Rakip hata yaptığında eşek osuruğuna benzeyen bir ses çıkartmaktan tutun da, Fenerbahçe öne geçtiğinde rakiple dalga geçen anonslara kadar... Zaten son 10 yılda yaratılan başarı şımarığı taraftar profilinin bir sonucu olarak Avrupa şampiyonluğunu garanti olarak gören diğer takımları oraya formalite maçları oynamaya gelmiş ilan eden şımarak tutumların V.G.S.T.T'li oyuncuları maça haddinden fazla motive ettiği ortada. Bir de hata yaptığında rakiple dalga geçen DJ'in çığrışlarını duyup da canını dişine takmayan oyuncu olmaz sahada. Rakibi bozmak üzerine değil aksine onu diriltmek için kurgulanmış ve şımarıkça sahnelenen bir kumpanya vardı sahada ve kendi evimizde düzenlenen final four'un kaybedilmesinde bu yanlışın payı büyüktü.

Kendi evinde düzenlediğin final four'un biletlerini sosyeteye dağıtıp, rakip üzerinde baskı kuracak orayı cehenneme çevirecek organizayonlar yerine maç sırasında ortalığı şenlik yerine çevirecek şımarıklıklar yaparsan maç sonunda cenaze evinde bulursun kendini.

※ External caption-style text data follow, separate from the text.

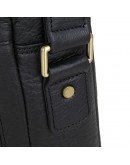 Фотография Кожаная чёрная мужская сумка на плечо без клапана 71011a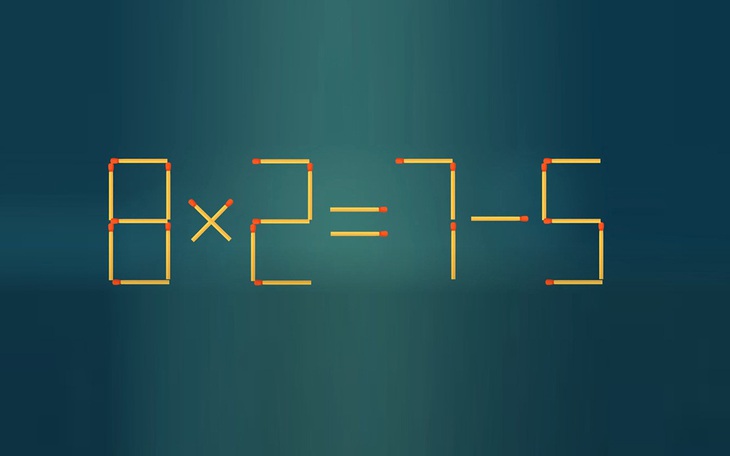 Thử tài IQ: Di chuyển một que diêm để 8x2=7-5 thành phép tính đúng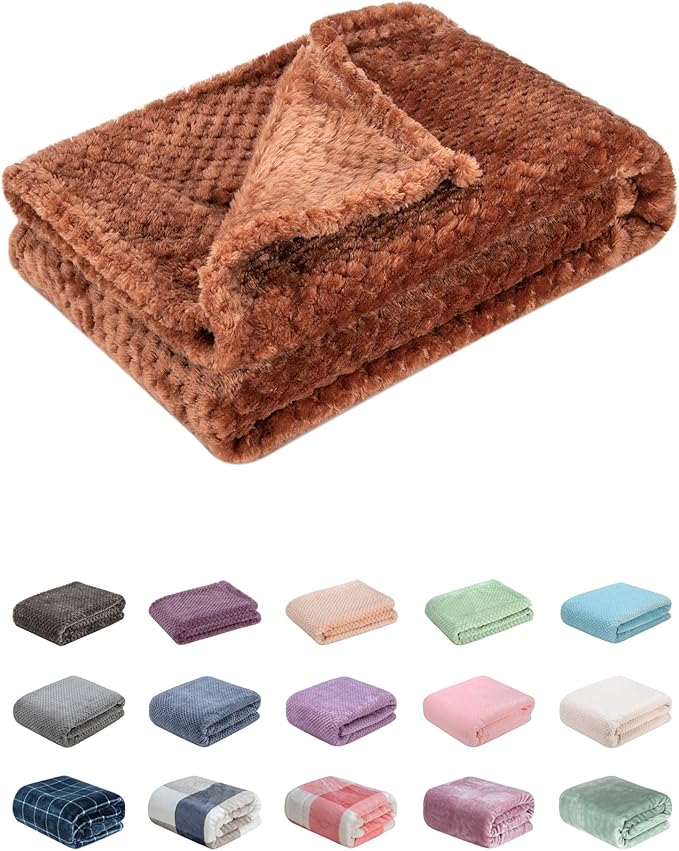 Fuzzy Blanket or Fluffy Blanket for Baby Girl or boy, Soft Warm Cozy Coral Fleece Toddler, Infant or Newborn Receiving Blanket for Crib, Stroller, Travel, Decorative (28Wx40L, XS-Deep Coffee)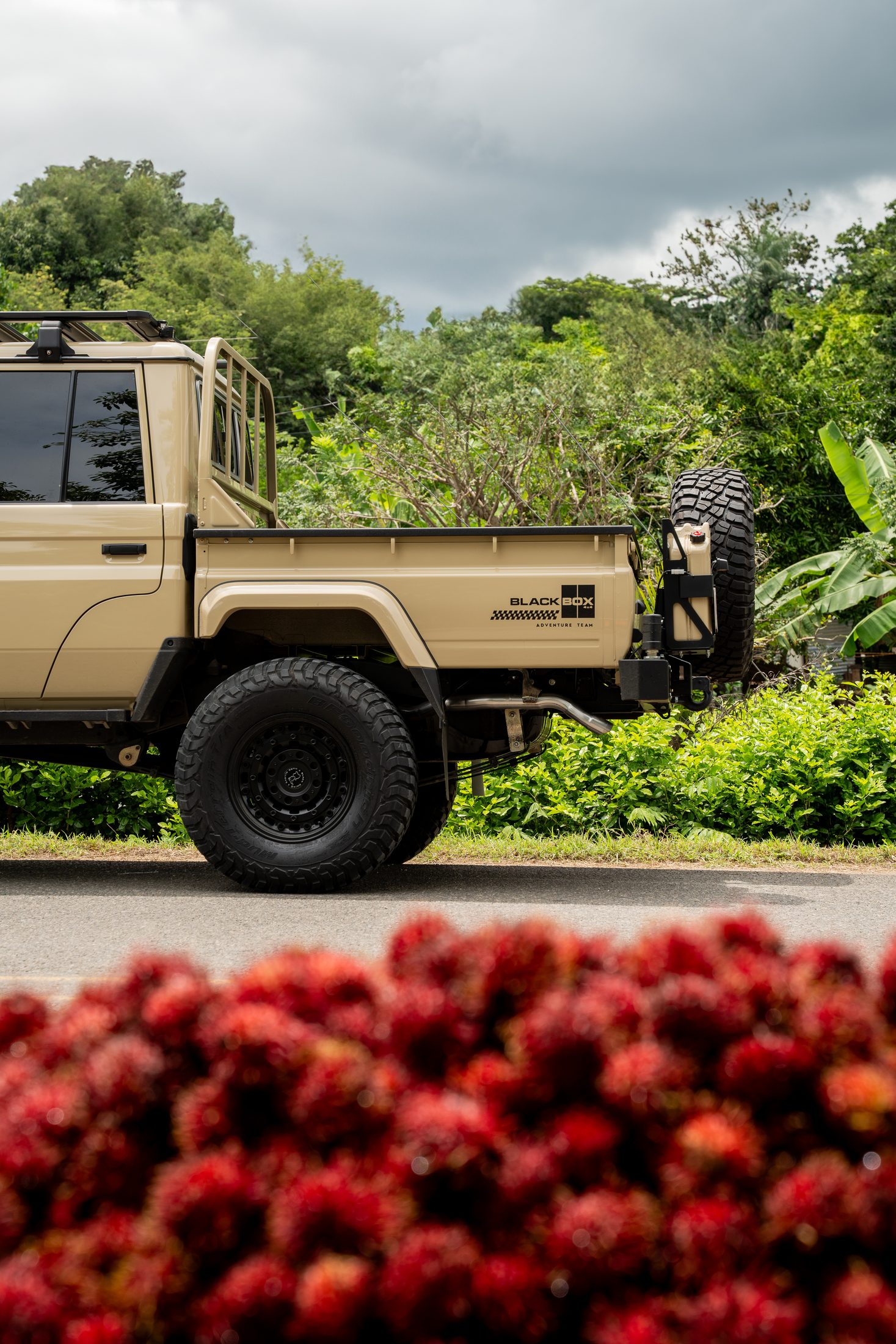 Rear of a beige Land Cruiser 70 pickup with spare wheel, red flowers in front, photographed by Maxime Hugo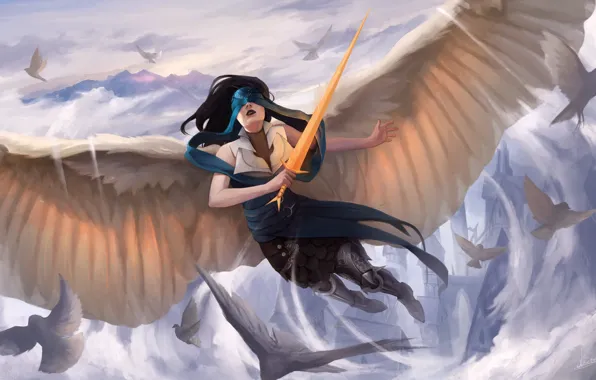 Picture girl, sword, fantasy, wings, birds, Angel, castle, artwork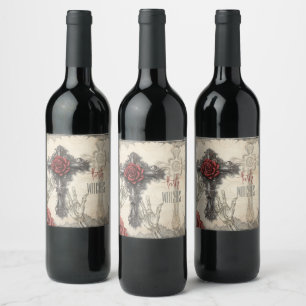 Victorian Gothic Styled Rose and Cross Wine Label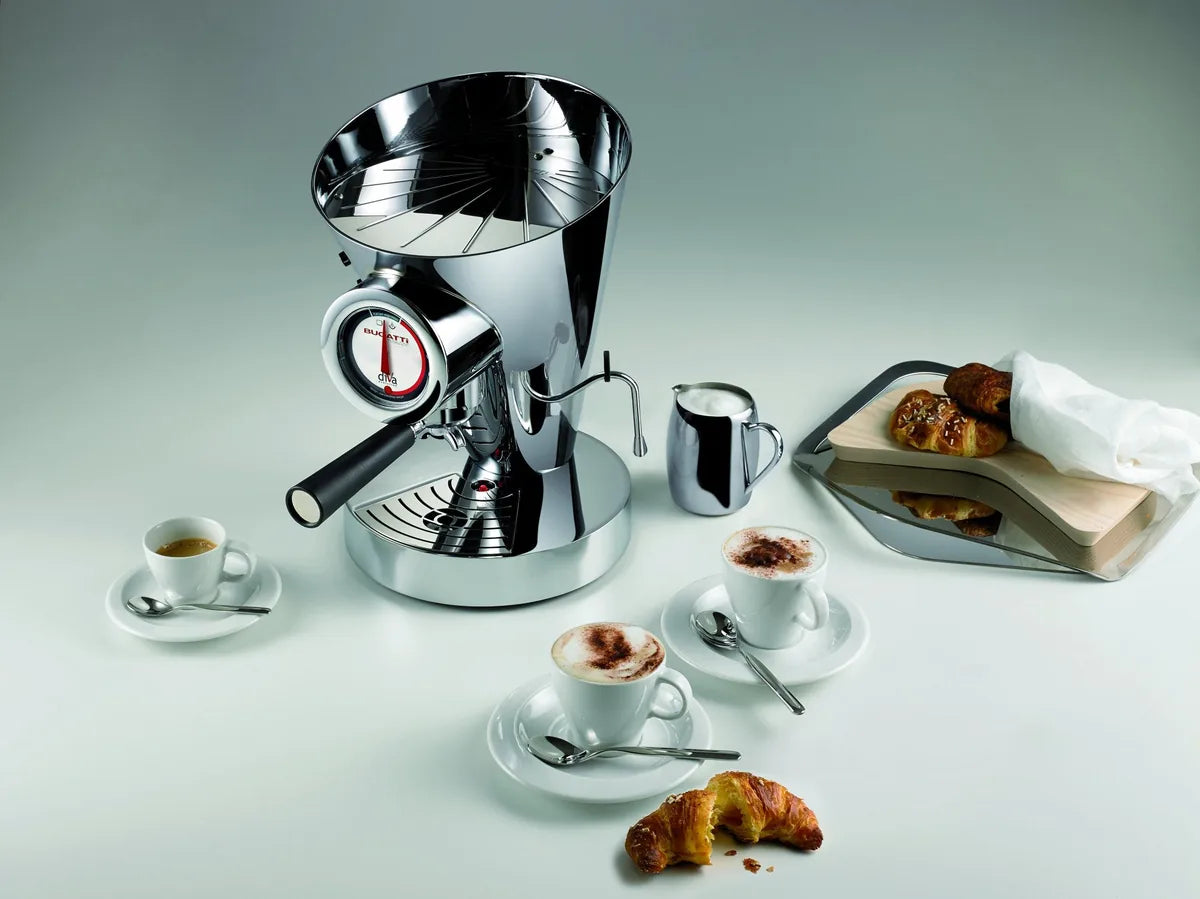 Bugatti Diva Evolution macchina espresso nero opaco alluminio acciaio inox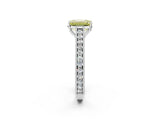 White gold Fancy Yellow Emerald Cut Cut Pave Band Milgrain Solitaire Ring_2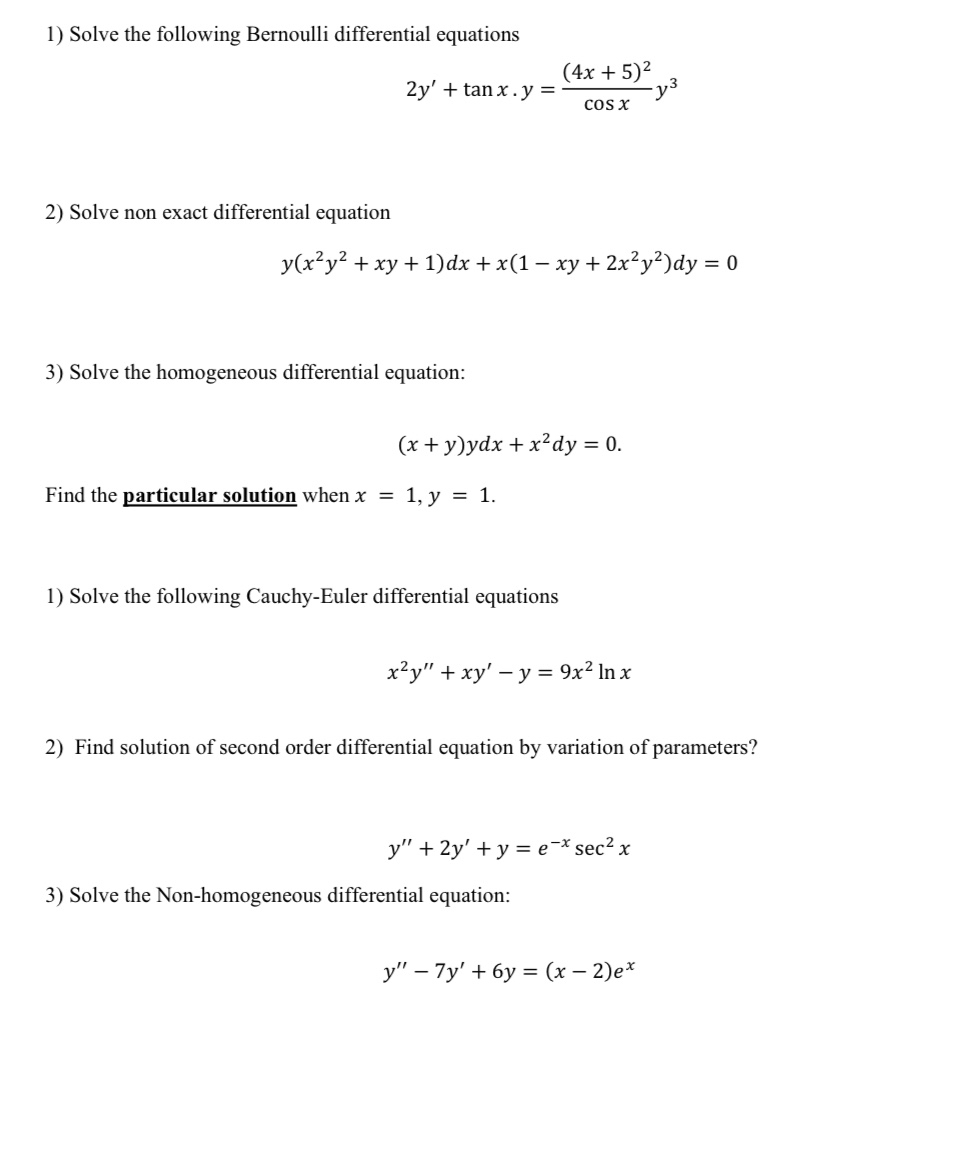 Solved Solve the following Bernoulli differential | Chegg.com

Skor tabelasına Fenerbahçe ismini tam olarak yazmayan, buna ses çıkartmayan bir camiaya dönüştük, Avrupa şampiyonluğu kazansak ne olur. Bu rezilliklere rağmen giydikleri formayı en iyi biçimde temsil etmeye çabalayan sarı meleklerin emeklerine sağlık. Bu ayıplar onların başarılarını gölgeleyemez.